Dies meint zumindest die Psychologin Angela Lee Duckworth, die glaubt messen zu können, wieso manche Menschen erfolgreicher sind als andere. Sie arbeitete in einer Unternehmensberatung, bevor sie kündigte und Mathematik an einer öffentlichen Schule unterrichtete. Dabei kam sie zu einem überraschenden Ergebnis: „Der IQ war nicht der einzige Unterschied, zwischen den besten und schlechtesten Schülern. Die IQ’s einiger meiner stärksten Schüler waren nicht stratosphärisch.“ Sie wunderte sich, wieso einige ihrer schlauesten Kinder nicht besonders gut abschnitten.

Das brachte sie schlussendlich zum weiterführenden Nachdenken. Natürlich sei es schwierig, rationale Zahlen, Dezimalzahlen oder die Fläche eines Parallelogramms zu berechnen – aber unmöglich dies zu erlernen, ist es nicht. Sie kam zu dem Schluss, dass alle ihre Schüler den Stoff lernen könnten, wenn sie nur lang und hart genug dafür arbeiteten.

Somit kam sie zu folgendem Entschluss: Man bräuchte im Bildungswesen ein viel besseres Verständnis für Schüler und den Lernzugang aus der Perspektive der Motivation: „Was wir im Bildungswesen am Besten messen können, ist der IQ. Aber was, wenn Vorankommen in Schule und Leben von viel mehr abhängt, als von der Fähigkeit schnell und leicht zu lernen?“

Das gewisse Etwas

Darum entschied sie sich für ein Psychologiestudium. Sie untersuchte nach Abschluss Kinder und Erwachsene in „super-herausfordernden“ Situationen. Zentrale Frage dabei: Wer ist wieso erfolgreich? Sie führte die Studie mit unterschiedlichsten Leuten durch und es kristallisierte sich am Ende eine Eigenschaft heraus, die sie als bedeutenden Hinweis für Erfolg einstuft. Nicht soziale Intelligenz, gutes Aussehen, körperliche Gesundheit oder der IQ sind demnach ausschlaggebend.

„Es war Durchhaltevermögen“, so die Expertin. „Durchhaltevermögen ist Leidenschaft und Ausdauer für sehr langfristige Ziele“ Es geht darum, an einen Zukunftsplan zu arbeiten und zwar nicht für Tage oder Wochen, sondern über Jahre hinweg.

„Durchhaltevermögen ist das Leben wie einen Marathon zu führen, nicht einen Sprint“. Sie fand später heraus, dass jene Schüler, deren Durchhaltevermögen besonders ausgeprägt war – sie bewertete dieses über Fragebögen am Anfang des Schuljahres – deutlich wahrscheinlicher einen Abschluss schafften.
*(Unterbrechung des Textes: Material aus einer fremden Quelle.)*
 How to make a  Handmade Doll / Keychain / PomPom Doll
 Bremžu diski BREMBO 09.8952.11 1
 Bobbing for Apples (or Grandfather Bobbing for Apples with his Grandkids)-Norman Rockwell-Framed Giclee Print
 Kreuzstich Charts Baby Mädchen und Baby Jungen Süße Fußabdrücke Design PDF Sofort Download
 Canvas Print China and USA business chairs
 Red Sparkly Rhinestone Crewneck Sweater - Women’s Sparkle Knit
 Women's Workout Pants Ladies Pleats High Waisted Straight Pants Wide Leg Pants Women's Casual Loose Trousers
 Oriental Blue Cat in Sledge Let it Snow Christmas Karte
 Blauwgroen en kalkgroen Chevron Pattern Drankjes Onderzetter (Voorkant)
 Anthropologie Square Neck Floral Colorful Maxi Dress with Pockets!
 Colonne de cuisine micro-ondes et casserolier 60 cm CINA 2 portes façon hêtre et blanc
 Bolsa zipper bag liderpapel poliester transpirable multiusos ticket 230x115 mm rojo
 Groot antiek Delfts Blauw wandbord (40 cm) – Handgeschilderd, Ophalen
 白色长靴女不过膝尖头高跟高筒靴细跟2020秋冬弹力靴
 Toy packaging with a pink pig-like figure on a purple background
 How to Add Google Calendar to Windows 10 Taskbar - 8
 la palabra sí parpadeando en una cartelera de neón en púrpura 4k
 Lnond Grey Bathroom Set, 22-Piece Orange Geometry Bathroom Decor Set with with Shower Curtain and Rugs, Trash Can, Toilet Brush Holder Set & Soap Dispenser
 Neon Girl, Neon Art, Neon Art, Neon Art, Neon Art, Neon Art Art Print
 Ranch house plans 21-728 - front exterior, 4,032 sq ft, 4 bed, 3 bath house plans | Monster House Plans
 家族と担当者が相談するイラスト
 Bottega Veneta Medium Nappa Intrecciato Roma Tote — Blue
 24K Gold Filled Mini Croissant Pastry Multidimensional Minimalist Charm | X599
Duckworth fordert: „Wir müssen messen, ob wir erfolgreich waren. Wir müssen bereit sein, zu versagen, Unrecht zu haben, um Lektionen zu lernen und von vorn anfangen zu können“.

„Das erschreckende daran ist, wie wenig die Wissenschaft darüber weiß, wie man es aufbaut“, meint Duckworth. Und sie hat auch keine Antwort auf die Frage, wie man es aufbaut. „Was ich aber weiß ist, dass Ihnen Talent allein kein Durchhaltevermögen gibt“ Viele talentierte Leute würden demnach daran scheitern, ihre Ideen in die Tat umzusetzen.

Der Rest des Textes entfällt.